I made very good time driving down- less than 90 mins at the start of rush hour. However, that's when things started to go a bit wrong. We hit the city right at rush hour and I was relying on Wash for directions. Since he had maps and written directions from the other half of our group as to where the hotel was, I followed his directions. By this time I am tired. I am hurting from sitting and driving for the day. I need my pills and I can't get to them until we unpacked. And Wash was doing his best to change his story every time he opened his mouth. Left was the same as right. North, South, East, West he didn't know and couldn't tell. 8 miles across the city in jam packed traffic and he says we went the wrong way. Got turned around and lost 4 more times before I finally had enough and just pulled over and cried for a bit.
See, by then it was about 5. Cherie Priest was speaking from 4:30-5:20. I missed her. The one (and really main/only) reason I had to come to this for myself (aside from Wash loving everything about it) was to meet her or at least hear her discuss some of her connected book series. The first, Boneshaker was autographed for Wash by our mutual friend (I think for his b.day, maybe xmas) and Wash loved it so much I decided I had to read it as well. I loved it. So, this past Christmas Wash got me her second novel in the same universe Dreadnought and I was really really wanting to hear about it from her. Or get my copy signed.
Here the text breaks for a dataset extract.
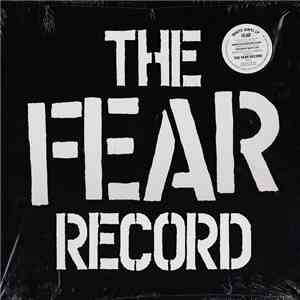 Fear - The Fear Record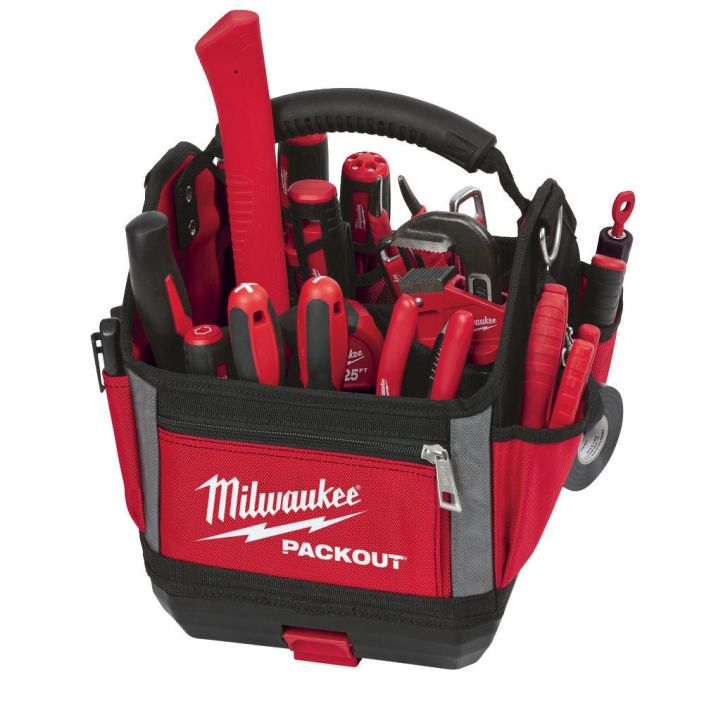 Milwaukee Packout  Työkalukassi 25cm tuotekuva 1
I was upset and in quite a horrid mood. My Aspie brain was just overloaded with everything, and it all became too much. I frakkin' bit my own steering wheel I was so frustrated. A lot of it was at Wash who just couldn't seem to grasp that for ME, I had just missed the only thing I was looking forward to. He enjoys it all and can't understand anymore that just because he feels something does not mean every one around him feels much the same way. I yelled and vented.
I guess it has finally been hitting him and starting to really sink in this week just how ... unhelpful, un-Wash-like he has been towards me lately.
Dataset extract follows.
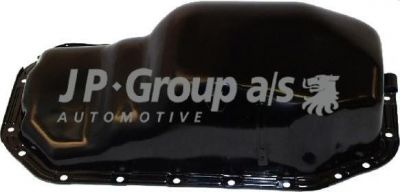 JP 1112900400 масляный поддон на AUDI 80 (81, 85, B2)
He says, "Yes, I've been acting like a spoiled lazy little kid. I don't want that."
He just doesn't know how/remember how to change. His brain had the part that literally controls our overt motivation cut out. He relies on me. Hard and constantly.
I wanted my cats. I wanted my space, a way to just make things "right" which to me is sometimes beyond the ability to verbalize. I got calm again and we set out about 3 more times before we finally, at last, found the hotel. All told it took longer to find the place when we got to the city then it did to drive from Phoenix to Tucson. That's frustrating to me. Wash hasn't driven in months so it's always me, and sometimes... I just don't.want.to.drive.
Thankfully we were already checked in, had our passes and could just take my stuff to the room and unload. Which I did, and thankfully we have great large rooms/suite.
We spent the evening talking as a group and trying to be in a good mood for us all. Half went off to the late night concert and half (myself included) stayed back in the room. I got about 6 hours of sleep and I woke up feeling better.
Not really optimistic I'd say, but perhaps a bit hopeful at least.
I stayed back this morning; there are some tabling events at the hotel and they went off to the Old Studios where the other half of the 'Con is being held. I have some time to myself, alone, this morning to get back to myself and they get to go and enjoy the fun. We will meet up this afternoon for more fun, and there is a concert and Masque Ball tonight that I do still kind of want to attend.
I am reading and resting. I am thinking. I am trying to laugh.
I hope that is enough to count for something.